FIG. 10 shows a comparison of hTopI-α and human topoisomerase I at the amino acid level (continuation of FIG. 9). The upper line is hTopI-α.

FIG. 11 shows a comparison of hTopI-α and human topoisomerase I at the amino acid level (continuation of FIG. 10). The upper line is hTopI-α.

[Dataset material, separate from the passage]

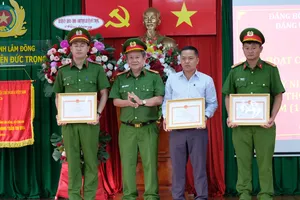 Công an Lâm Đồng khen thưởng 1 tập thể, 4 cá nhân vụ 'cán bộ địa chính bị tống tiền' 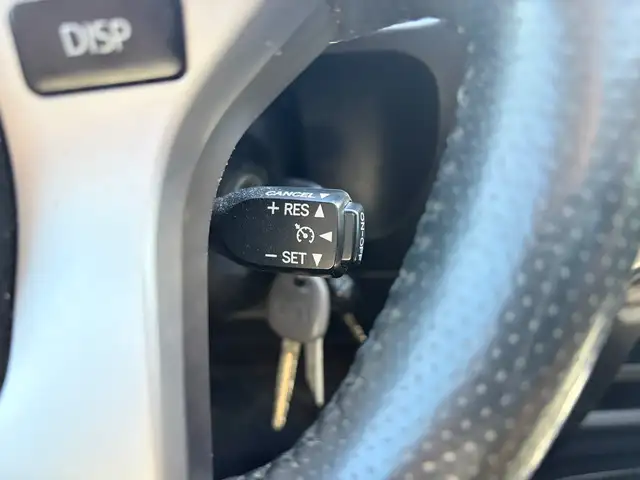 2018 Toyota 4Runner SR5 4WD • One Owner - Photo 18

 ────────────────────────────────────────────────── ─── Continued on front page (72) In-Fay Way Straw Vail Lane, No. 13524, Darnestown, Maryland, United States 20878 United States Mark 72. Potomac, Duffy Drive No. 15205 (72) Inventor Robert Di Fleischman USA 20008 Washington, D.C., Northwest No. 134, Woodley Road No. 2800 F-Term (Reference) 4B024 AA01 BA10 CA04 DA02 EA02 EA04 GA11 HA01 HA08 4C084 AA02 BA22 BA23 ZB26

Claims (1)

[Claims] 1. A method of treating a patient having a need to inhibit hTopI-α, wherein the patient has a therapeutically effective amount of: i) an hTopI- having the deduced amino acid sequence of Figures 1-8 (SEQ ID NO: 2). α polypeptides and fragments thereof,
Analogs and derivatives, and (ii) ATCC Deposit No. 7
A method comprising administering an antagonist / inhibitor to a polypeptide selected from the group consisting of a hTopI-α polypeptide encoded by the 5714 cDNA and fragments, analogs and derivatives of the polypeptide.